TASK DATA Block Start
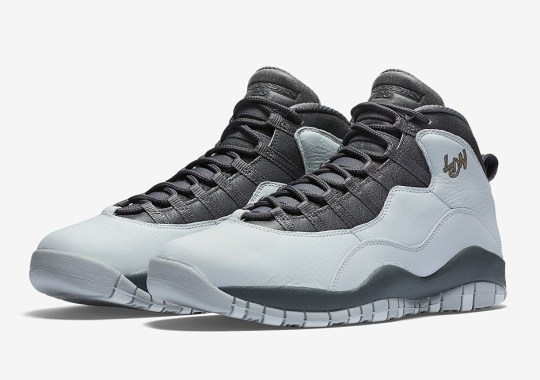 The “City Pack” Tour Continues Next Week With The Air Jordan 10 “London”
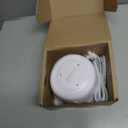 Yogasleep Dohm Uno White Noise Sound Machine, Real Fan Inside for Non-Looping White Noise, Sleep Aid, Office Privacy & Meditation for Adults & Baby, Registry Gift (White)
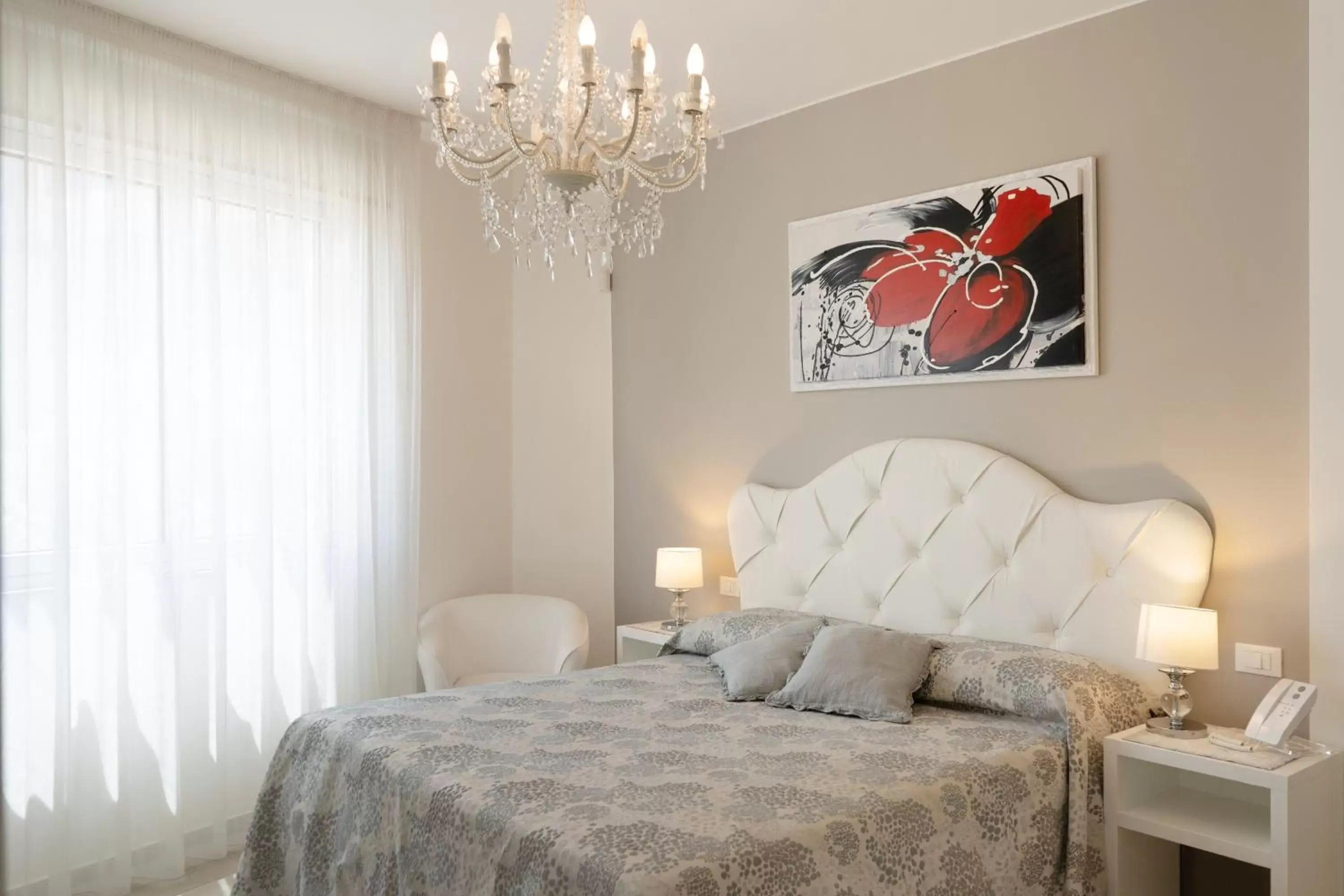 Double Room in Bellariva Monopoli B&B e Relax Double Room in Bellariva Monopoli B&B e Relax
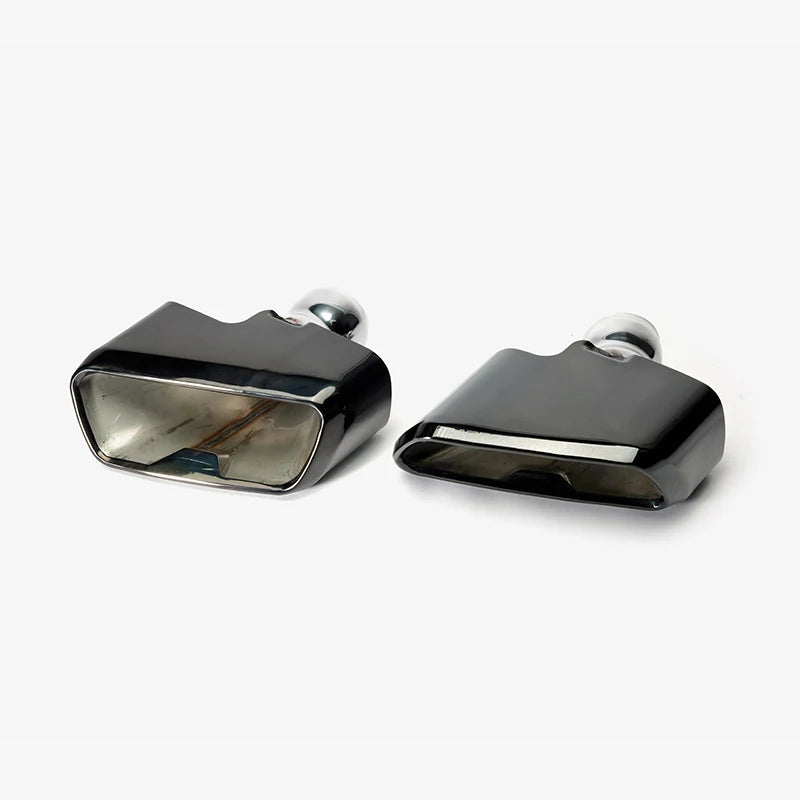 For BMW G30 G31 525I 530I 1pair l+r Stainless Steel Muffler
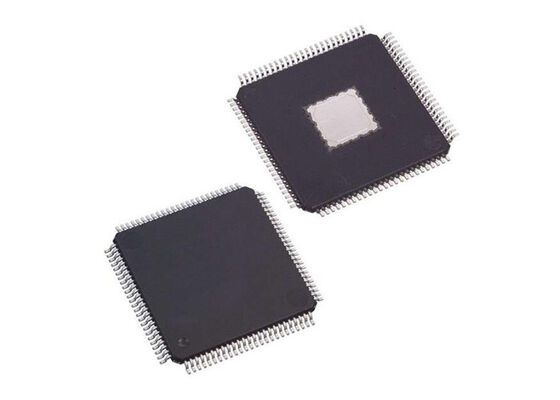 DLPA3000DPFDR DLP PMIC LED Driver dengan Arus Output 6 A Paket HTQFP-100 Frekuensi 600 kHz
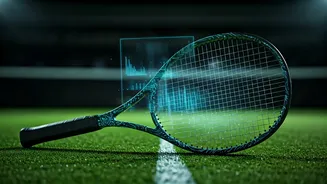 AI Meets Ace: How Tech is Elevating Tennis Performance with Top Players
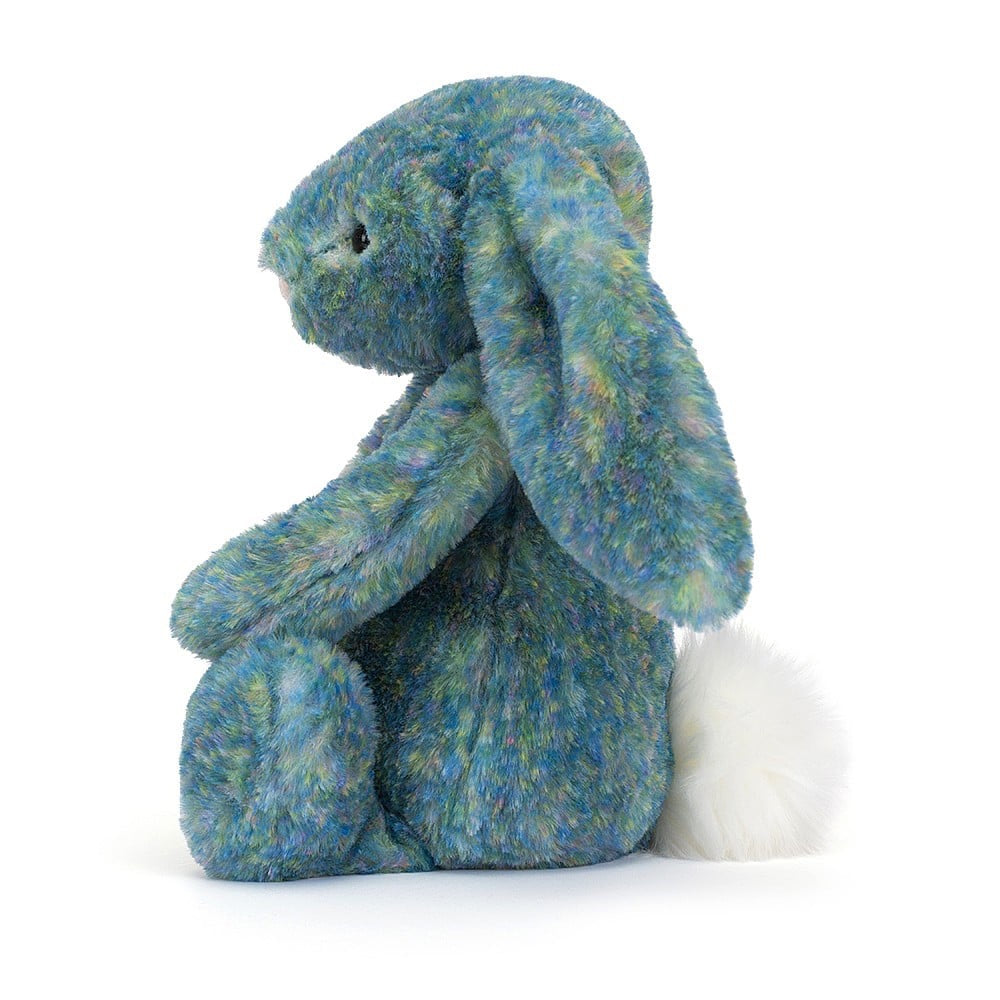 Jellycat Bashful Bunny Luxe Azure Big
TASK DATA Block End
Where a line contains "Yogasleep Dohm Uno", begin there and transcribe every line through the last one of the records above, exactly and with no pictures.

- _RESPONSE AREA_:
 Yogasleep Dohm Uno White Noise Sound Machine, Real Fan Inside for Non-Looping White Noise, Sleep Aid, Office Privacy & Meditation for Adults & Baby, Registry Gift (White)
 Double Room in Bellariva Monopoli B&B e Relax Double Room in Bellariva Monopoli B&B e Relax
 For BMW G30 G31 525I 530I 1pair l+r Stainless Steel Muffler
 DLPA3000DPFDR DLP PMIC LED Driver dengan Arus Output 6 A Paket HTQFP-100 Frekuensi 600 kHz
 AI Meets Ace: How Tech is Elevating Tennis Performance with Top Players
 Jellycat Bashful Bunny Luxe Azure Big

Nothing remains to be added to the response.